Lost may have ended two and a half months ago, but with last week’s leak of the twelve-minute epilogue and the impending August 24 release of the final season on DVD, the series is popping up in conversations and Twitter feeds once again. As we usually do when Lost reenters our radar screen, we turned to Michael Emerson, who recently received his fourth Emmy nomination for his work on the series as Benjamin Linus. He spoke to us about his reaction to the finale, what’s next for his career, and why he thinks the epilogue is a “very small, sweet dessert.”
How is life off the island?
I’m happy to say that I’m on my preferred island of Manhattan. It’s a little more crowded than that other island, but it’s saner.
What’s it like to have Lost be a thing of the past?
Well it hasn’t really soaked in because there’s still so much Lost business afoot. What I had forgotten was that there were these award shows and things that keep the idea of it alive for a while longer and keep us together as a cast.
So you don’t feel like you’re done with this experience yet?
Not quite. It’s about this time of year that I start packing to go back to Hawaii, so come the end of this month it is going to dawn on me that I’m not going back there, and that I don’t really have any work on the horizon so I’d better get busy.
So right now you’re sort of in a holding pattern?
I am, it’s really quite dull. I’m just sitting around saying no to lots of things. I think it’s important to choose carefully the next thing after the big thing. People will be watching, they’ll want to see, “Oh what’s Ben Linus doing now?” I want for those people that follow what I do — God help them — I want it to be a pleasant surprise worth their time and attention.
Are there any prospective projects you can discuss?
Well I have some stuff that’s in the can already. I’m proud of my work in the PBS series that’s coming up in October called God in America. It’s a show about the origins of religious movements in North America. I get to play John Winthrop, who was a fanatical Puritan leader of the Plymouth Bay colony, so that was good fun.
What’s the latest on setting up a project with Terry O’Quinn?
God only knows if anything will come of it because you know how these things are here. But I think we’ve planted the seed with some people and we’ll see if anything comes of it. It would be a ways off; it’s not like cameras are rolling or anything.
What was your take on Lost’s finale?
I was so pleased with it. Instead of employing some narrative device or science-fiction device or time-travel device, [the writers] humanized the whole affair and brought it back to characters and souls, and so I thought it was really a fine solution and one that I’m onboard with. And I’m especially delighted with the way they wrapped up the Benjamin Linus [story].
Do you think he was vindicated?
He became simpler and more serene, and a more sympathetic character by the end. I think the place they found for him, which was sitting like a character out of Beckett in an antechamber outside the hereafter, I thought that was just about right. Unlike the other characters, he has more to atone for and it can’t be as easy for him. It would be too easy if he got let off the hook.

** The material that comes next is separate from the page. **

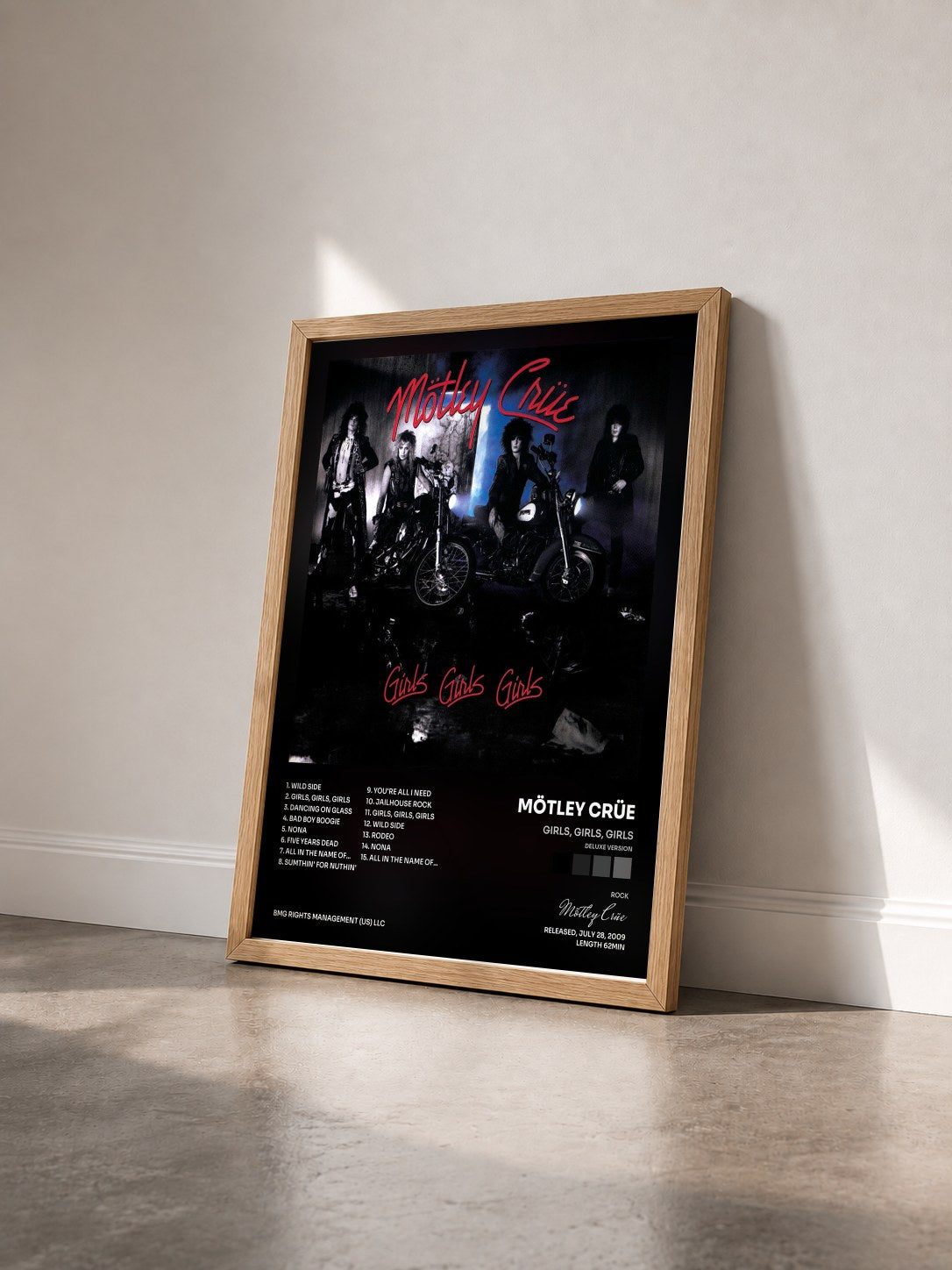 #bois Tableau de l'album Girls, Girls, Girls (Deluxe Version) de Mötley Crüe vu de trois quarts, cadre en bois brut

He finally learned how to relinquish power.
Yes, and that’s what made this DVD extra, “The Man in Charge,” really pleasant to work on, because we got a taste of what Ben is like after he’s a changed person.
Have you seen the finished product yet?
I haven’t, but I hear that thousands of others have because somebody in their infinite wisdom leaked the thing. Of course I read the script, and I thought, Oh, it’s like a very small, sweet dessert at the end of a very long meal. I was as excited about shooting this extra as I was about shooting the finale.

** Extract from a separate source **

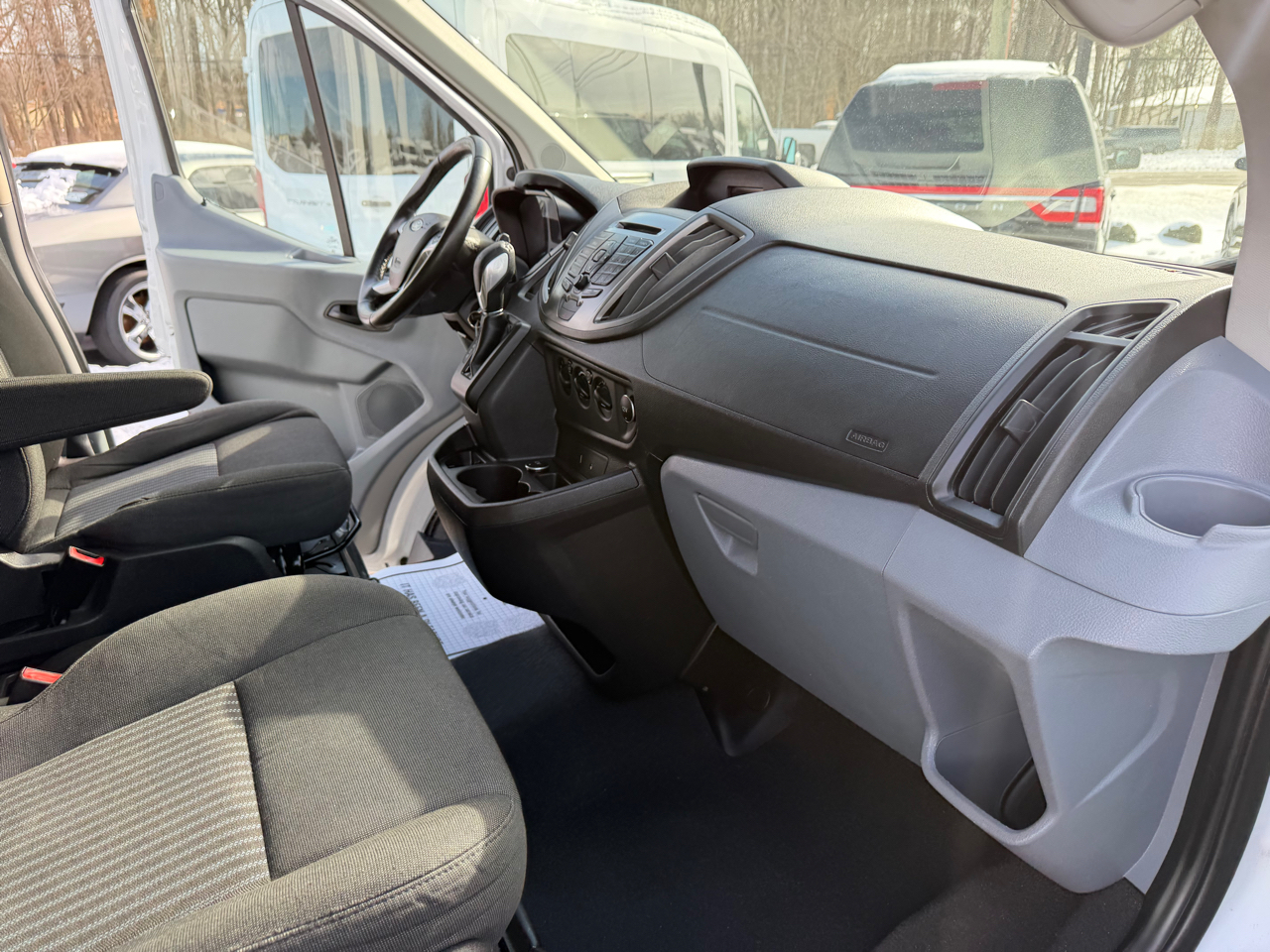 Ford Transit Wagon T-350 148" Low Roof XLT Swing-Out RH Dr 2016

Well, partly because of the novelty of it, but also because I thought it was such fun and so tasty and such a change of tone.
It is rather lighthearted.
Yeah, I think that it gives us a sense that everything was maybe more lighthearted once Hurley took over. The power of a single person’s personality can have this great ripple effect and then everything is sweeter, everyone behaves a little better and there is more light and happiness.
Do you think the writers felt they needed to fill a gap in the story?
I don’t feel like it is necessarily a missing brick from the main series. I think it is more a dessert.
Do you think it will give fans some answers to some lingering questions?
It does contain some more practical answers: “How did all that food keep arriving?” or, “What happened to so-and-so?” or, “We never got to see so-and-so in the finale, so what happened to them?” Not big answers, but some little answers.
What did you think of the negative reactions to the finale?
It surprised me a bit because a lot of people who were unhappy had been misunderstanding the show for a long time, so why were they still watching it if they’d mixed up what they were seeing? But I guess that’s the deal: It works magically for all sorts of people at all different levels of understanding.
How does it feel to be nominated for another Emmy?
It’s hard to absorb altogether that this powerful industry takes you seriously in your little role that you play and that they have suggested that you are qualified to play in the big league. My chief pleasure this year is how many categories the show is being honored in. It just seems like a nice way to go out.
Which items from the Lost auction would you like to own?
The only thing that I still think about is not listed in the auction catalogue: the wooden doll that Ben’s childhood friend Annie gave him. I don’t know whatever happened to it. The only thing I have from the show is a linen suit, a quite beautiful one that was built for me and never used for season three, but I will keep that for the rest of my life and wear it proudly.